Al fervore del ritorno ostinato sul luogo ad alto rischio, corrispose una vivacità culturale che rese la città partecipe di vasti orizzonti. Maestri famosi si affacciarono nelle scuole e collaborarono con gli ingegni locali a preparare i favolosi anni Trenta. Salvatore Pugliatti, Giorgio La Pira, Salvatore Quasimodo furono considerati i tre moschettieri dello spirito, con le loro convergenze e con le loro divergenze sul piano dialettico. A loro, altri si aggiunsero a tener vivi i fermenti del Novecento europeo; il futurismo che si era proposto di divulgare il suo manifesto in Sicilia proprio nei giorni del terremoto, vi tornò dopo con forme più propriamente originali; e la cultura grecolatina vi trovò interpreti agguerriti e sensibili.
Un punto di costante riferimento restano per me la figura e l’insegnamento di Salvatore Pugliatti, sebbene non fui mai suo allievo diretto. Era lo spirito più eclettico che io abbia mai incontrato: giurista, musicofilo, critico letterario e d’arte, saggista e, soprattutto, infaticabile maestro. Lo considerai per sempre il consapevole custode della memoria. E fu per questo che quando, assillato da un impulso ineffabile, mi trovai col pretesto del film, a rovistare nelle macerie della mia città - come a dire della mia coscienza, preda della nevrosi di angoscia comune alle genti dello Stretto - che mi rivolsi a lui per informazioni e orientamenti.
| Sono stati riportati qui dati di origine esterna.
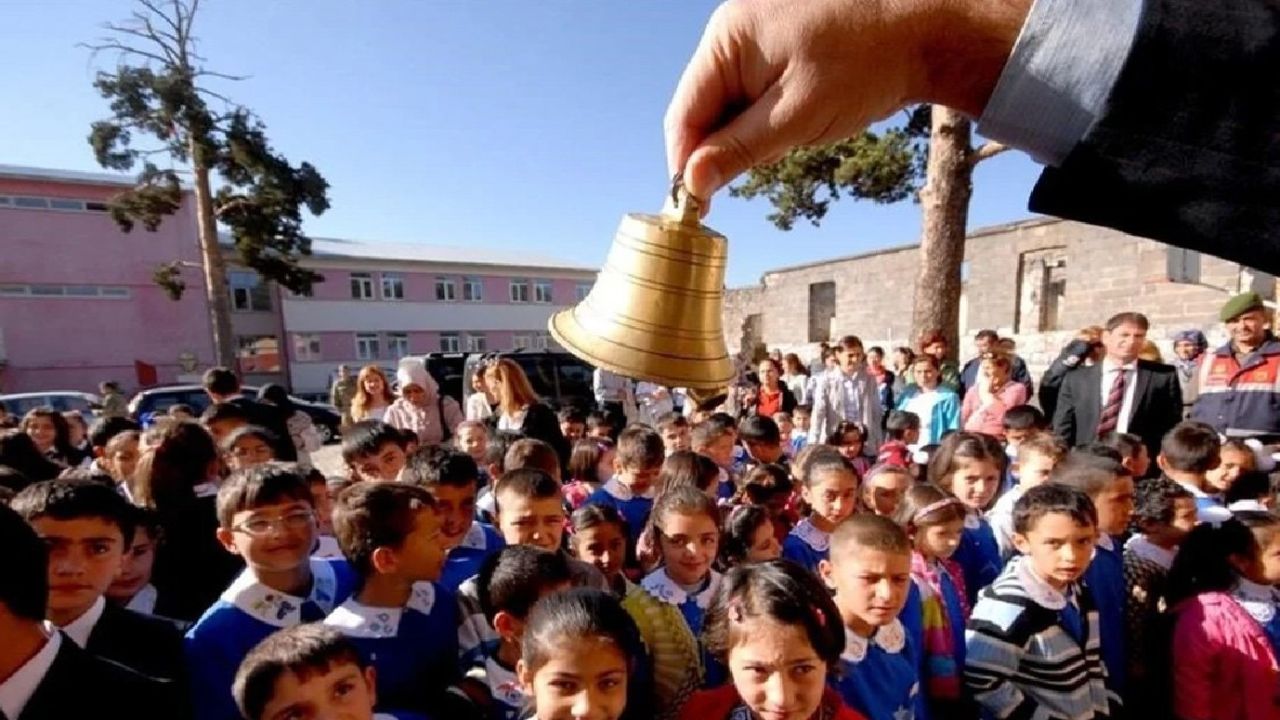 Öğrencileri sevindiren, velileri üzen haber! Okulların açılma tarihi değişti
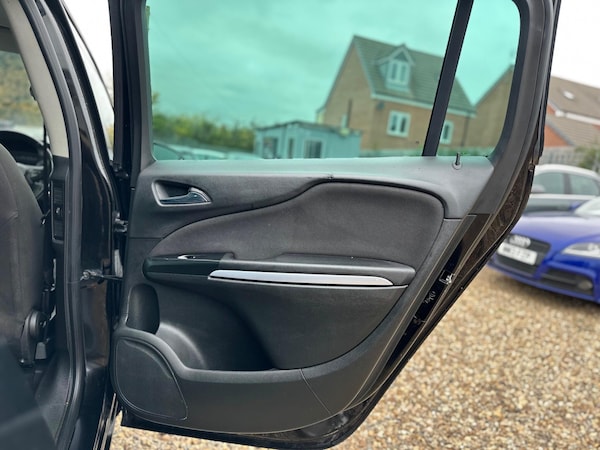 Used Vauxhall Zafira Tourer 2018 for sale - 76282828: Photo 23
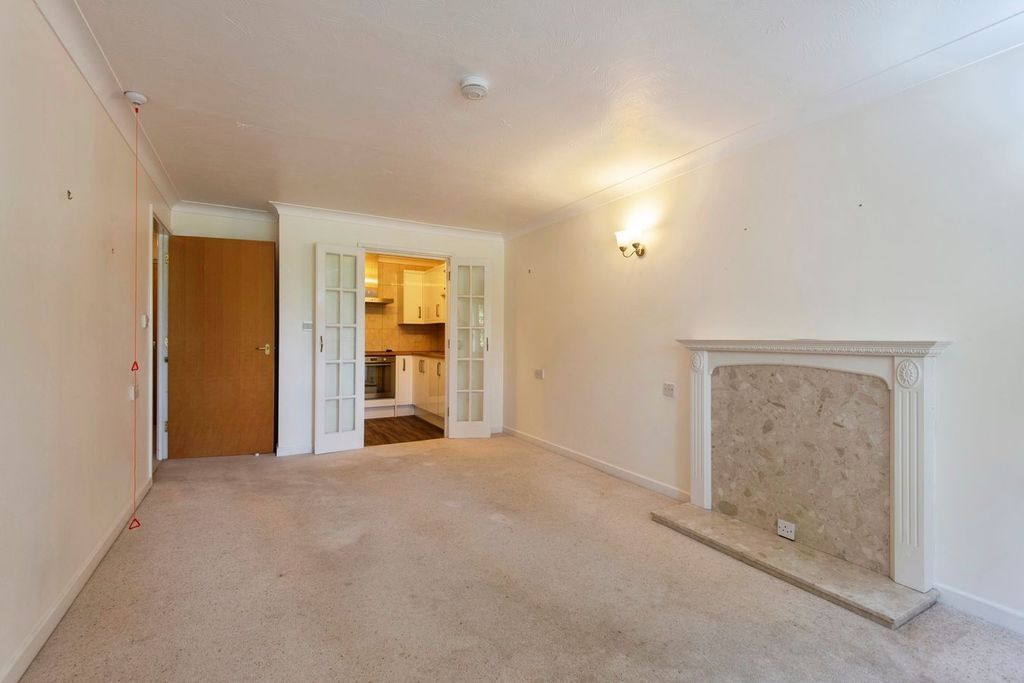 Property photo 3 of 18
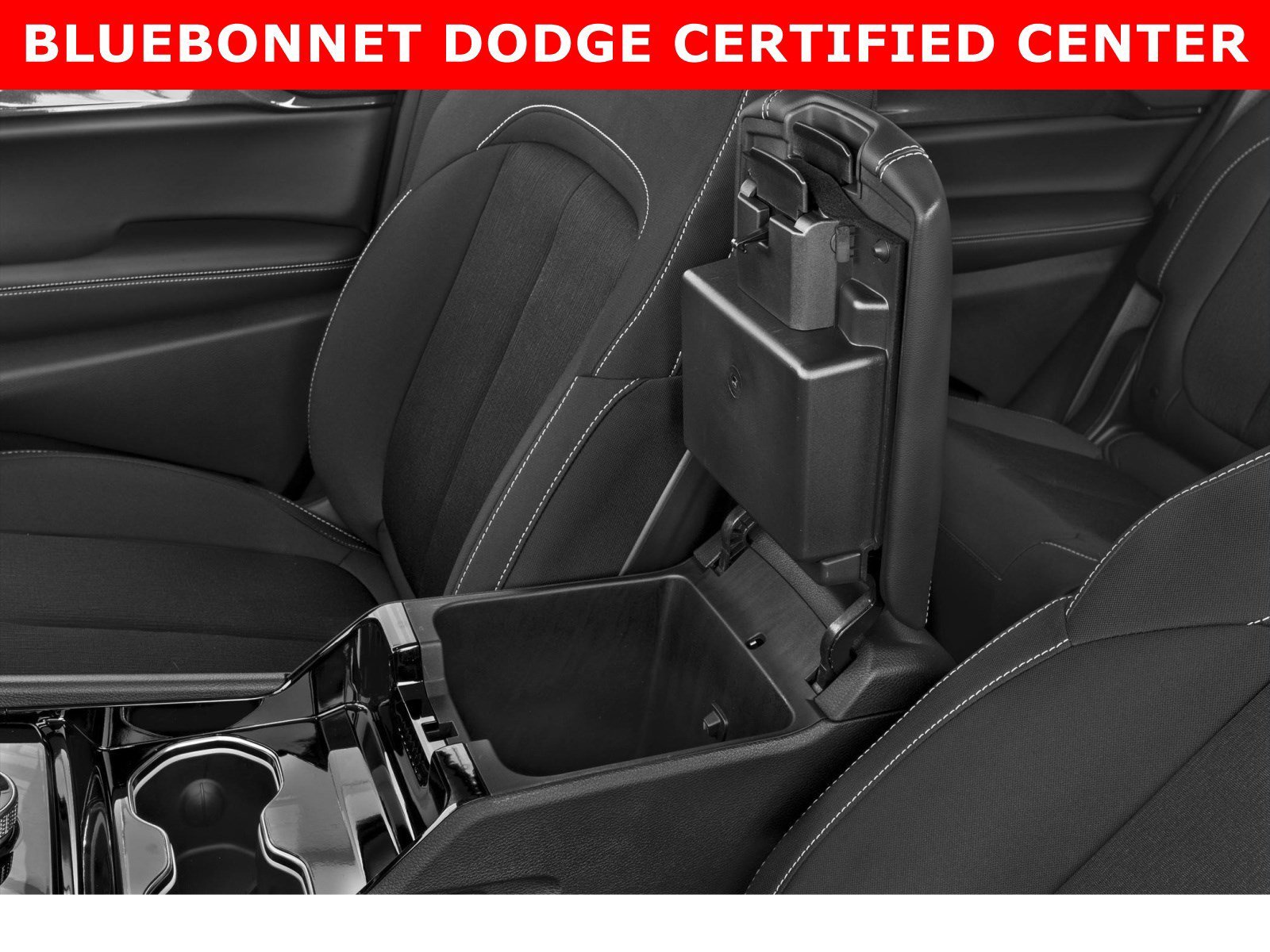Used 2024 Velvet Red Pearlcoat Jeep Altitude image 9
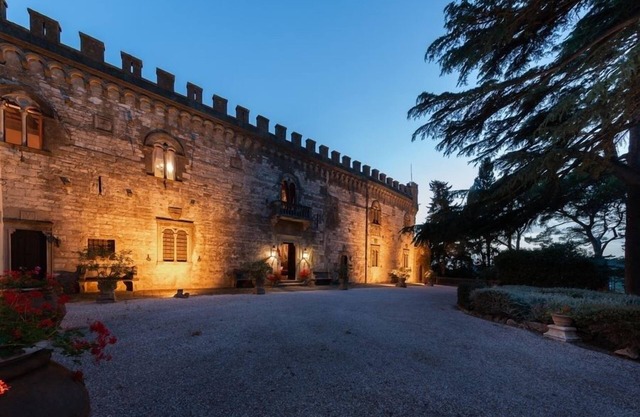 Luxury Castle rental for 28 people in Tuscany near the coast
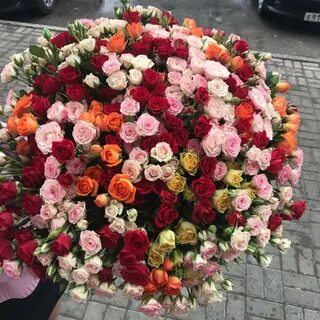 Сколько цветов на день рождения женщине
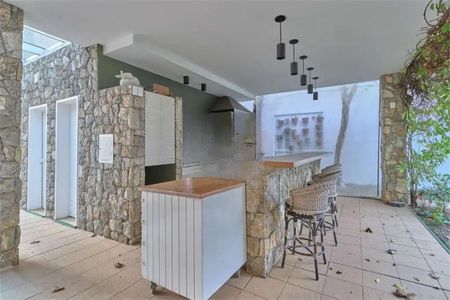 Casa à venda com 700m², 4 quartos e 6 vagas Casa à venda com 700m², 4 quartos e 6 vagasFoto 27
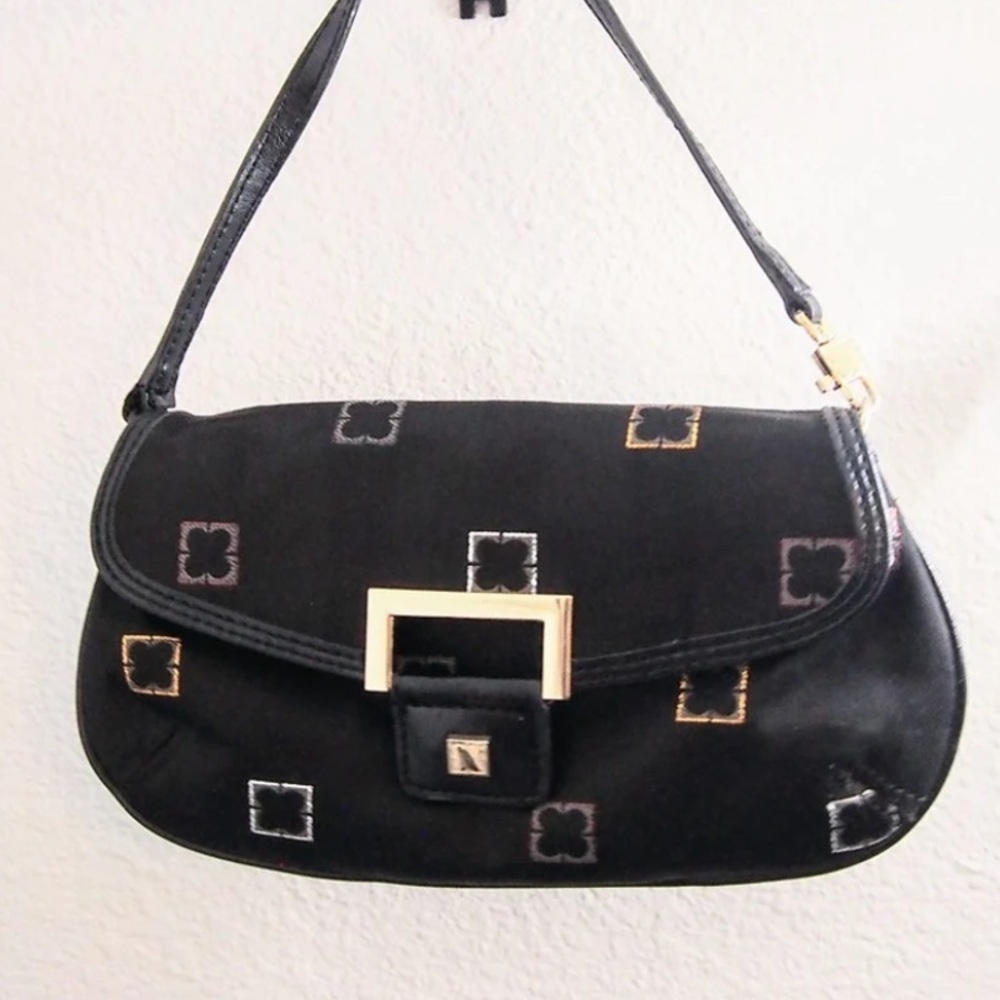 Liz Claiborne Black Shoulder Baguette Bag,Clover Print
Pugliatti mi illuminò con il racconto di innumerevoli episodi che ingigantirono l’imbarazzo della scelta di quelli da utilizzare sullo schermo; e mi procurò, con il concorso di suo cugino Giordano Corsi, una vastissima documentazione fotografica, da cui risultava il film come già figurativamente realizzato, grazie alla suggestione della scenografia cinematografica capace di evocare anche i castelli in aria attraverso il linguaggio delle immagini.
Ora che ricordi e documenti giacciono nell’archivio della dimenticanza, vivissima e ineludibile resta l’impressione procurata da un episodio laterale, minimo rispetto alle proporzioni del disastro ma tale da assumere universale significato metaforico. Pugliatti me lo raccontò durante un pranzo alla «Hostaria Romana» ai piedi delle mura del Quirinale. Come era talvolta solito, Aldo Fabrizi, ai fornelli si divertiva a improvvisare specialità culinarie. Fra un piatto e l’altro di una cucina sostanziosa, fiorì sulle labbra di Pugliatti un episodio a cui mi piace attribuire un titolo che fa parte del presente racconto: «L’Ospedale civile e il Circo equestre Bizzarro».
L’Ospedale civile sorgeva sulla piazza con le sue mura possenti. La gente provava, a guardarlo, un senso di sicurezza e di incoraggiamento. Alle persone più ostinate si diceva: «Hai la faccia dura come la cantonera dell’Ospedale civile».
Sotto le feste, al centro dello spiazzo montava il suo tendone un circo equestre: tre cavalli, tre cani, una coppia di ginnasti una cavallerizza e un pagliaccio; quattro pertiche sostenevano il tetto, sensibile a ogni alito di vento, e l’interno custodiva una pista coperta di trucioli, circondata da panche.
Quando il terremoto fece crollare la città, e il maremoto, per compiere l’opera, si abbattè sulle case distrutte, nell’alba grigia si levò un coro di dannati, feriti o agonizzanti. Quelli che potettero, da soli o sostenuti da altri, affrontarono il cammino ormai impervio che portava all’Ospedale per trovarvi cure e ricetto. Qui uno spettacolo inaspettato si presentò ai loro occhi: il colossale edificio si era sbriciolato come un castello di sabbia sulla battigia spazzato dalla mano di un bambino.
Al centro della piazza il «Circo equestre Bizzarro» si ergeva col suo tendone un po’ sbilenco ma intatto. Gli scampati vi trovarono rifugio ed ebbero le prime cure in quell’improvvisato ospedaletto da campo. Poiché tutte le fontane erano diventate mute, i soccorritori, per lavare le ferite, utilizzarono l’acqua che la pioggia aveva raccolto nelle sacche del tendone.


Questa, dunque, è l’ultima immagine di un film mai fatto: un gruppo di soldati che con l’aiuto delle pertiche rovesciano sulla terra straziata l’acqua lustrale piovuta dal cielo.